▶ _Exercise_: Repeat every entry in full. Match each line exactly.

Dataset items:
--- START ---
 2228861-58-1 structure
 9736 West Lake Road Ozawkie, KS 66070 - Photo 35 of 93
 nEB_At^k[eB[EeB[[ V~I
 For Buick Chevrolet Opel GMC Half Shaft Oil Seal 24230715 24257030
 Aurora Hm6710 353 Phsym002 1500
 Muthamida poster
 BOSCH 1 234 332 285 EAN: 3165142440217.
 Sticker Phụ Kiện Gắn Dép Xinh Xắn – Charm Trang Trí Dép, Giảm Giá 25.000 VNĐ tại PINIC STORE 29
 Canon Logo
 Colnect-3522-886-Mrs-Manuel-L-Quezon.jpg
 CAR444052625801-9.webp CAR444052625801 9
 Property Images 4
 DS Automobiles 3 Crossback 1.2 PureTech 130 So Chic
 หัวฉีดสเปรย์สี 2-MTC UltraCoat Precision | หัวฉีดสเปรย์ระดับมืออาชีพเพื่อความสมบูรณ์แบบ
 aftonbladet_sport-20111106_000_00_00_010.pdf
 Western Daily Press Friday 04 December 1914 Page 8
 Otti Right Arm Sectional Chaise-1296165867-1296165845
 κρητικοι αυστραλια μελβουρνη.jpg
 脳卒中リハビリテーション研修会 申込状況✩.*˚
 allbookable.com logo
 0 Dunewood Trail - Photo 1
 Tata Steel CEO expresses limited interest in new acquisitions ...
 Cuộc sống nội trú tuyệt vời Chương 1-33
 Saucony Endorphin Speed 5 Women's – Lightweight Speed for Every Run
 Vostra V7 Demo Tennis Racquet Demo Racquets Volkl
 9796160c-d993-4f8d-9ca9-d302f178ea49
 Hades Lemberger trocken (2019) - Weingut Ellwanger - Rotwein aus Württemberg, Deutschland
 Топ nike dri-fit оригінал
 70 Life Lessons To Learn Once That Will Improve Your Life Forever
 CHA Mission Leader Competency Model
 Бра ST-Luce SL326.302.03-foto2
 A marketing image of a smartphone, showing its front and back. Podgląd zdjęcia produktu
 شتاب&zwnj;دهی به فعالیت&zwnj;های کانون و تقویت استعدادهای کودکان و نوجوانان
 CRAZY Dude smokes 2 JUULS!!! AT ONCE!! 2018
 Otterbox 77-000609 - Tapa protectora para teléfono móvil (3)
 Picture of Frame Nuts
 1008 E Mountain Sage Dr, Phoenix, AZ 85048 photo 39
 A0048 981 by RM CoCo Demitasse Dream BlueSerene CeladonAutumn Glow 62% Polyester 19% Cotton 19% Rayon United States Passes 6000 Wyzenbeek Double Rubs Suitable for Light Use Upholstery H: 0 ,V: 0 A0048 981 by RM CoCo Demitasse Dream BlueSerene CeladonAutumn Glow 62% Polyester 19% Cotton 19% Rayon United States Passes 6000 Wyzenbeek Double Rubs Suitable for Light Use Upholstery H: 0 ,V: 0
--- END ---
▶ _Answer space_:
 2228861-58-1 structure
 9736 West Lake Road Ozawkie, KS 66070 - Photo 35 of 93
 nEB_At^k[eB[EeB[[ V~I
 For Buick Chevrolet Opel GMC Half Shaft Oil Seal 24230715 24257030
 Aurora Hm6710 353 Phsym002 1500
 Muthamida poster
 BOSCH 1 234 332 285 EAN: 3165142440217.
 Sticker Phụ Kiện Gắn Dép Xinh Xắn – Charm Trang Trí Dép, Giảm Giá 25.000 VNĐ tại PINIC STORE 29
 Canon Logo
 Colnect-3522-886-Mrs-Manuel-L-Quezon.jpg
 CAR444052625801-9.webp CAR444052625801 9
 Property Images 4
 DS Automobiles 3 Crossback 1.2 PureTech 130 So Chic
 หัวฉีดสเปรย์สี 2-MTC UltraCoat Precision | หัวฉีดสเปรย์ระดับมืออาชีพเพื่อความสมบูรณ์แบบ
 aftonbladet_sport-20111106_000_00_00_010.pdf
 Western Daily Press Friday 04 December 1914 Page 8
 Otti Right Arm Sectional Chaise-1296165867-1296165845
 κρητικοι αυστραλια μελβουρνη.jpg
 脳卒中リハビリテーション研修会 申込状況✩.*˚
 allbookable.com logo
 0 Dunewood Trail - Photo 1
 Tata Steel CEO expresses limited interest in new acquisitions ...
 Cuộc sống nội trú tuyệt vời Chương 1-33
 Saucony Endorphin Speed 5 Women's – Lightweight Speed for Every Run
 Vostra V7 Demo Tennis Racquet Demo Racquets Volkl
 9796160c-d993-4f8d-9ca9-d302f178ea49
 Hades Lemberger trocken (2019) - Weingut Ellwanger - Rotwein aus Württemberg, Deutschland
 Топ nike dri-fit оригінал
 70 Life Lessons To Learn Once That Will Improve Your Life Forever
 CHA Mission Leader Competency Model
 Бра ST-Luce SL326.302.03-foto2
 A marketing image of a smartphone, showing its front and back. Podgląd zdjęcia produktu
 شتاب&zwnj;دهی به فعالیت&zwnj;های کانون و تقویت استعدادهای کودکان و نوجوانان
 CRAZY Dude smokes 2 JUULS!!! AT ONCE!! 2018
 Otterbox 77-000609 - Tapa protectora para teléfono móvil (3)
 Picture of Frame Nuts
 1008 E Mountain Sage Dr, Phoenix, AZ 85048 photo 39
 A0048 981 by RM CoCo Demitasse Dream BlueSerene CeladonAutumn Glow 62% Polyester 19% Cotton 19% Rayon United States Passes 6000 Wyzenbeek Double Rubs Suitable for Light Use Upholstery H: 0 ,V: 0 A0048 981 by RM CoCo Demitasse Dream BlueSerene CeladonAutumn Glow 62% Polyester 19% Cotton 19% Rayon United States Passes 6000 Wyzenbeek Double Rubs Suitable for Light Use Upholstery H: 0 ,V: 0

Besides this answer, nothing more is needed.